Après The Bling Ring, sélectionné à “Un Certain Regard” en 2013 à Cannes, Sofia Coppola est revenue sur la Croisette cette année en compétition officielle avec Les Proies. Un film captivant dans lequel la réalisatrice de Virgin Suicides capture à merveille Nicole Kidman, Kirsten Dunst, Elle Fanning et Colin Farrell. Pour notre plus grand plaisir, et un prix de la mise en scène à la clé.

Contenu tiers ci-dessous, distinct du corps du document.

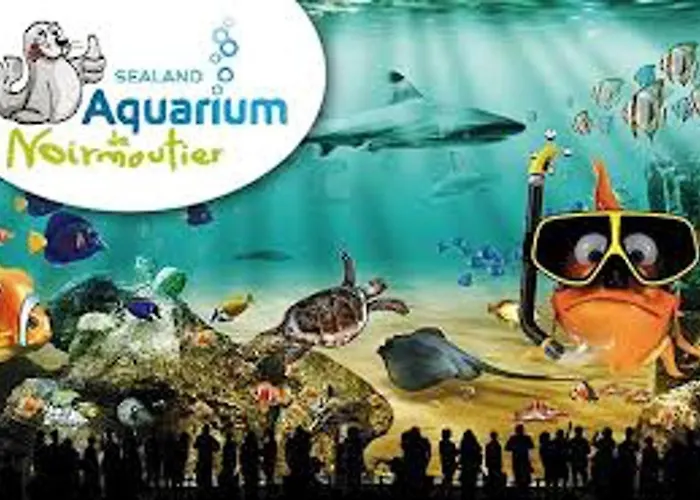 Convivial à Avec Piscine Partagée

La guerre de Sécession fait rage. Les canons en fond sonore, la caméra vole à travers les arbres puis atterri doucement dans une forêt mystérieuse. Nous suivons une jeune fille en train de cueillir des champignons, en robe, chantante et bien coiffée. Pas de doute, nous entrons dans l’univers d’un conte. La jeune fille au panier tombe sur un homme blessé, un “yankee” évadé du 66ème régiment. Elle décide de bon cœur de l’aider – de le porter même – jusqu’à son internat où il ne reste, à cause de la guerre, que celles qui n’ont nulle part où aller. Alors qu’il devait rester là seulement le temps de guérir sa jambe, des tensions sexuelles se révèlent parmi les pensionnaires de l’internat et le caporal devient objet de toutes les convoitises.

Être en proie à notre imagination

Éclairé souvent à la bougie ou d’une lumière quasi-surnaturelle, chaque plan du film de Sofia Coppola est un émerveillement. Des plans larges du début, en pleine forêt, où les arbres se courbent sur les personnages jusqu’au plan de fin, où les personnages sont laissés derrière une grille dans un long travelling avant, chaque corps semble à la fois en proie au décor et lueur d’espoir dans ce monde chaotique. À cette atmosphère inquiétante s’ajoute une tension émanant de toutes les actrices. Le gant trempé de Nicole Kidman qui remonte le long de la cuisse du caporal en fait naître une, que les regards lointain et passionnés de Kirsten Dunst attise. Les sourires certains d’Elle Fanning, eux, l’intensifie. Chez chacune d’entre elle, un désir violent est palpable. Colin Farrell à côté paraît fade, et surtout, campe un personnage dont les volontés ne seront jamais exaucées. Son personnage est faible et tout le début du film est composé dans ce sens ; quand le caporal est couché et souffrant, les femmes sont droites, bien au-dessus de lui et en pleine lumière. Une fois sa guérison terminée, il ne restera d’ailleurs pas longtemps sur ses deux jambes, comme pour lui rappeler qu’il n’a et n’aura aucun pouvoir en la demeure.

Cette maison dont elles ne sortent jamais, où la grille s’entrouvre à peine quand il s’agit de la visite de soldats ; cette obscurité omniprésente, enfermant les personnages ; cette clé qui ferme la porte de la chambre dans laquelle est accueilli le caporal ; tout, dans le film, est un verrou de plus de ce piège qu’est l’internat. Ce huis clos, qui aurait pu être le terreau de toutes les transgressions, ne l’est pas. Les tensions ne s’expriment jamais frontalement. Tout le film, quand la complicité des personnages n’est pas l’occasion de rire, est construit sur le dialogue entre les tensions sexuelles de ces femmes et leurs prières de chaque soir. Au delà du jeu des actrices et de la maîtrise de chaque plan, c’est ce jonglage entre la foi et les tabous qui en fait un film passionnant, car c’est une merveille pour l’imagination des spectateurs.